[Saved data entries]
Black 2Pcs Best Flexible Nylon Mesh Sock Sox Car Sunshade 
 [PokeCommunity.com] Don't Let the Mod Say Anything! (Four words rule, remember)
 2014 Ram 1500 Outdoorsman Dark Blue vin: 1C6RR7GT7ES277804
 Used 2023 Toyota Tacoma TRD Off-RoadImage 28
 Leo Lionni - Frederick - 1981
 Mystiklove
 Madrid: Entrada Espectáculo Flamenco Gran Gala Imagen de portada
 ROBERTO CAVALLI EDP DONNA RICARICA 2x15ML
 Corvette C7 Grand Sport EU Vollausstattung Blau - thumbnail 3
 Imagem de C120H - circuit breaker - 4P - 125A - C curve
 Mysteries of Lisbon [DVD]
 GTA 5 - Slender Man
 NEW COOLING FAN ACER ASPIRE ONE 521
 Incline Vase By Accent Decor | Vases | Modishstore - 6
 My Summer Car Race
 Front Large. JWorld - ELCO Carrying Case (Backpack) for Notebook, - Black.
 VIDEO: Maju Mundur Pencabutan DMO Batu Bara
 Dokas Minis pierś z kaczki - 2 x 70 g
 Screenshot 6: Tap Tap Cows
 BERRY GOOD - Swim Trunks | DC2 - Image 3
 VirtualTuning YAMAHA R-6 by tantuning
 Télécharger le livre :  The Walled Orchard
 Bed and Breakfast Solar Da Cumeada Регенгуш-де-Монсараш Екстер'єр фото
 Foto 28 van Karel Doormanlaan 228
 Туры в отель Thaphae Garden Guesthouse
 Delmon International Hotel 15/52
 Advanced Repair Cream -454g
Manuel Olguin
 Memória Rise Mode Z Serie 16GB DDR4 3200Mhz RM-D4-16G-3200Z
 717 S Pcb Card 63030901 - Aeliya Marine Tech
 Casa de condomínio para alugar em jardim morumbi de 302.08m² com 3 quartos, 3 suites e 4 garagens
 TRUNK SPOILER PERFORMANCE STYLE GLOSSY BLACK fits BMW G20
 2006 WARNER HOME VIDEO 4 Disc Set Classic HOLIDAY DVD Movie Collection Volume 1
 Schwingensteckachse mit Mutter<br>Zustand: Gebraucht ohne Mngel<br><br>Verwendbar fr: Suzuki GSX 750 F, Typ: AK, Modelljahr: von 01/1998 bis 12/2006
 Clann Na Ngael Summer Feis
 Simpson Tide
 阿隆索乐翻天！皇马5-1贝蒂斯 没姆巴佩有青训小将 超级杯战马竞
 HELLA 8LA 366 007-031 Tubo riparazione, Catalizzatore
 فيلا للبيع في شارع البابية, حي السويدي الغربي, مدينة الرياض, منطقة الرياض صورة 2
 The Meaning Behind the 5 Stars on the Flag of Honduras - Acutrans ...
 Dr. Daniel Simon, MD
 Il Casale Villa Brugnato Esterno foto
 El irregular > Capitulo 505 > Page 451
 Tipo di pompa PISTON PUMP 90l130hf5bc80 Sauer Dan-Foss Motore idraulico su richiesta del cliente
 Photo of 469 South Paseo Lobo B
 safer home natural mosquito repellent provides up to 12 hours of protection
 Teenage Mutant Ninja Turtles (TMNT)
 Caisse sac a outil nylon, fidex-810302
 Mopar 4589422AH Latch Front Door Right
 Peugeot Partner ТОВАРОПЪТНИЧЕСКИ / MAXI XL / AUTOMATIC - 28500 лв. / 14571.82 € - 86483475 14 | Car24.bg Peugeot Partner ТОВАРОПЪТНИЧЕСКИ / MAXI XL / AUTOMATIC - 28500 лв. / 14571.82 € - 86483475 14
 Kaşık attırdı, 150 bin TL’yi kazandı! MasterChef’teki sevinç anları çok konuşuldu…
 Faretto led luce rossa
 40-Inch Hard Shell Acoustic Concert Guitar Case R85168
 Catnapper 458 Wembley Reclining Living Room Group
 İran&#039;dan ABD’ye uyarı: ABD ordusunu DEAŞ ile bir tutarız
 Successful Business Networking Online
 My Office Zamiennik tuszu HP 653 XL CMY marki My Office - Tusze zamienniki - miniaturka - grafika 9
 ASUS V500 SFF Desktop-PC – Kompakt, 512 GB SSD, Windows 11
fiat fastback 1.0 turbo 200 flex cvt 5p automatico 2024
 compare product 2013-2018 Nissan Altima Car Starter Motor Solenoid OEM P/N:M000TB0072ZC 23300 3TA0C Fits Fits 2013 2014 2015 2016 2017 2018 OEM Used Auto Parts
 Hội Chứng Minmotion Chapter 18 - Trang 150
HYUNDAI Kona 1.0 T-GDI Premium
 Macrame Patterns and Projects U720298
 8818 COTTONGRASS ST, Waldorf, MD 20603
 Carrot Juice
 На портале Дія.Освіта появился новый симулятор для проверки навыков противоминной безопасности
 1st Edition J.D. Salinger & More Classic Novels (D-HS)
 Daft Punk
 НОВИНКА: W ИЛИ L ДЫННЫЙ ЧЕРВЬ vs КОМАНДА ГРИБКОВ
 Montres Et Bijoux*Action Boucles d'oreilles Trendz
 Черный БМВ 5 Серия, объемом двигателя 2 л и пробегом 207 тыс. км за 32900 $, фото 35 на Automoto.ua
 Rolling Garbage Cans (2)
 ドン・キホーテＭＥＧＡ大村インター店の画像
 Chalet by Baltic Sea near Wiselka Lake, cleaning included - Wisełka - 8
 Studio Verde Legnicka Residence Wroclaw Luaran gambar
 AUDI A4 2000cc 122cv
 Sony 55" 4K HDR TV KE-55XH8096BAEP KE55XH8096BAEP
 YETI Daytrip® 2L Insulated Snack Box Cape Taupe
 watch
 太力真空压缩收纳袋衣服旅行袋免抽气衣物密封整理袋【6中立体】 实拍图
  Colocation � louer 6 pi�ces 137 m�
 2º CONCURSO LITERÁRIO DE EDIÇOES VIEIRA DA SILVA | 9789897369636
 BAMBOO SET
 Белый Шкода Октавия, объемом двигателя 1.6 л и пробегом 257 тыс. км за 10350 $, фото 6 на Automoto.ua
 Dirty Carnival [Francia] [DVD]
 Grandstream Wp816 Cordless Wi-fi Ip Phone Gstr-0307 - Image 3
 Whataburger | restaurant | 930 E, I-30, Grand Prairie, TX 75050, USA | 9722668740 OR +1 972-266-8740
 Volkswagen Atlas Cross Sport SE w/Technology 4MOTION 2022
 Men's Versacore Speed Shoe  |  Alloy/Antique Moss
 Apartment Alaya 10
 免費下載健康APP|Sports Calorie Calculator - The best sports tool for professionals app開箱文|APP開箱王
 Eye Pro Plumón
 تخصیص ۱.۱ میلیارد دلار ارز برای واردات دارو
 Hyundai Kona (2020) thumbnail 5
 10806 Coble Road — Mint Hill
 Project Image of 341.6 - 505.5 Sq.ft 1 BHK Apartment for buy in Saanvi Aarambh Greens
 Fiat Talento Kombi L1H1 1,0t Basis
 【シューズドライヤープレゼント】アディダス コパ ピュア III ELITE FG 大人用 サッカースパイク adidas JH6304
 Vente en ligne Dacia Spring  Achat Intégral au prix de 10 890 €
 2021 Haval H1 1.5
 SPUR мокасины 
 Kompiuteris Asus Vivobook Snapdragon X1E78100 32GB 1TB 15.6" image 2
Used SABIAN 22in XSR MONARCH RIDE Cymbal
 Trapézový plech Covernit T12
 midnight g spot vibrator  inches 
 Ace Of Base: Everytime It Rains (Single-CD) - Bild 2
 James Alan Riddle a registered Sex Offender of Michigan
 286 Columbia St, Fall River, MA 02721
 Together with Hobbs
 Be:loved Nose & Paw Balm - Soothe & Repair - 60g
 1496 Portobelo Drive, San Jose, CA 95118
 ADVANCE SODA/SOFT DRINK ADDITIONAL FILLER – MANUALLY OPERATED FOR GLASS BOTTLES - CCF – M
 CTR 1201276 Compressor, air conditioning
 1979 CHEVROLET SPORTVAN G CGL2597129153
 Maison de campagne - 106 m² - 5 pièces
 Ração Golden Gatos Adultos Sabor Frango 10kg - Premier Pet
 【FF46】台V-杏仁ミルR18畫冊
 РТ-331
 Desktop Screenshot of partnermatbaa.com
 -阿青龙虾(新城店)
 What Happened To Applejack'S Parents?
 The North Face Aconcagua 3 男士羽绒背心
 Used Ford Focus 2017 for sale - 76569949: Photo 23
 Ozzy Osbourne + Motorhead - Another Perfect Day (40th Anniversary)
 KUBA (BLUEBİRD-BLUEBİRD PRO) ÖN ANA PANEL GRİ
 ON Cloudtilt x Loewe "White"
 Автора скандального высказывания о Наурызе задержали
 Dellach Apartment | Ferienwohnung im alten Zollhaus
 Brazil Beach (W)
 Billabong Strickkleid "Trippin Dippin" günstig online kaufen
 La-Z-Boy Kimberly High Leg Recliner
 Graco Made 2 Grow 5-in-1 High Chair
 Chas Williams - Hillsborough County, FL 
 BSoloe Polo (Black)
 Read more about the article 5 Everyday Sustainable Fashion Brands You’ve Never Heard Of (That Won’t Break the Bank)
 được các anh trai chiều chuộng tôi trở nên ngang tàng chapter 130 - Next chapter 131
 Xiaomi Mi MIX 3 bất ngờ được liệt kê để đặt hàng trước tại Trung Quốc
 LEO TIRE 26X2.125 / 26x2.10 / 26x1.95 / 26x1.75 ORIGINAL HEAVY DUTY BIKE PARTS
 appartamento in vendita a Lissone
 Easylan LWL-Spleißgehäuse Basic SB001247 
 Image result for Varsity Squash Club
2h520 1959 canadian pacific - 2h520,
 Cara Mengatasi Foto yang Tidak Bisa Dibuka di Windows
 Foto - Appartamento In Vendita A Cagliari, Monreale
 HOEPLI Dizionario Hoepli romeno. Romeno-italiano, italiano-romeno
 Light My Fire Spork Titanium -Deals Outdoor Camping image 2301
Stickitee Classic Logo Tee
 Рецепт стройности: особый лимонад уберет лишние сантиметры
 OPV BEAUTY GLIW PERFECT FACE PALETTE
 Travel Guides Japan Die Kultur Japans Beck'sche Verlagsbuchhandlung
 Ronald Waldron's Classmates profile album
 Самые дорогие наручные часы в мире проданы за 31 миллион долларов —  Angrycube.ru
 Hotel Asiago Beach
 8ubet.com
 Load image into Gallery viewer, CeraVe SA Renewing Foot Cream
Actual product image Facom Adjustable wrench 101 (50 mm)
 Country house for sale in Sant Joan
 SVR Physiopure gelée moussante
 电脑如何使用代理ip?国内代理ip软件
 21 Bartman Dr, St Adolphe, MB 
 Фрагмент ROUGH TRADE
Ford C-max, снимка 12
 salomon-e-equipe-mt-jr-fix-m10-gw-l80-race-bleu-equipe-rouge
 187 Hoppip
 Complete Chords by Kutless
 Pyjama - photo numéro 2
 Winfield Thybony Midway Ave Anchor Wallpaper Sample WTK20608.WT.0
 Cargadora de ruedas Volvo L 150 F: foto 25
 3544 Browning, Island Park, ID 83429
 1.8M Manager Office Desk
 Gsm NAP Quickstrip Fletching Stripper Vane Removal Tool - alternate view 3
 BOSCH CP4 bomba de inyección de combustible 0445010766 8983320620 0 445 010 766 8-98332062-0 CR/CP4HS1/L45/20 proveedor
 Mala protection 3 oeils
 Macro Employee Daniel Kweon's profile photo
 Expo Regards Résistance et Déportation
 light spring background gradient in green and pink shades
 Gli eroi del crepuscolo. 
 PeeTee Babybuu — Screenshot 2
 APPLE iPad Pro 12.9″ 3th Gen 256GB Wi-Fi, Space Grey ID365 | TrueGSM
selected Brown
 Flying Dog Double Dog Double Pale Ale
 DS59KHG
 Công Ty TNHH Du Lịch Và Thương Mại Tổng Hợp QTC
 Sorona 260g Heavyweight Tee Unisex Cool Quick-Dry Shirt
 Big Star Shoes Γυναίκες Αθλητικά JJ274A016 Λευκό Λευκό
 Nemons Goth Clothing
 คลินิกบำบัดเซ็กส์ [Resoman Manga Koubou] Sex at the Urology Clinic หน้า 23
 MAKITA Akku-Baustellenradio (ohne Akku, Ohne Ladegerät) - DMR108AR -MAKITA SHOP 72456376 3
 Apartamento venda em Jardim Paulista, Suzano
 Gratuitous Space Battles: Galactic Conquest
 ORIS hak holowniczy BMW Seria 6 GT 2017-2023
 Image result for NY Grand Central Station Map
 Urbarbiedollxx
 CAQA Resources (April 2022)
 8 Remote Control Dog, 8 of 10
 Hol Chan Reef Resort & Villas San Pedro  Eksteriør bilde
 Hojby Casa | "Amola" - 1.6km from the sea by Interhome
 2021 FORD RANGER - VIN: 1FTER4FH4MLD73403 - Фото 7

What is being asked: Working from the records above, write out verbatim only the lines from the line containing "Kaşık attırdı, 150" through the line containing "My Office Zamiennik".

Written solution:
 Kaşık attırdı, 150 bin TL’yi kazandı! MasterChef’teki sevinç anları çok konuşuldu…
 Faretto led luce rossa
 40-Inch Hard Shell Acoustic Concert Guitar Case R85168
 Catnapper 458 Wembley Reclining Living Room Group
 İran&#039;dan ABD’ye uyarı: ABD ordusunu DEAŞ ile bir tutarız
 Successful Business Networking Online
 My Office Zamiennik tuszu HP 653 XL CMY marki My Office - Tusze zamienniki - miniaturka - grafika 9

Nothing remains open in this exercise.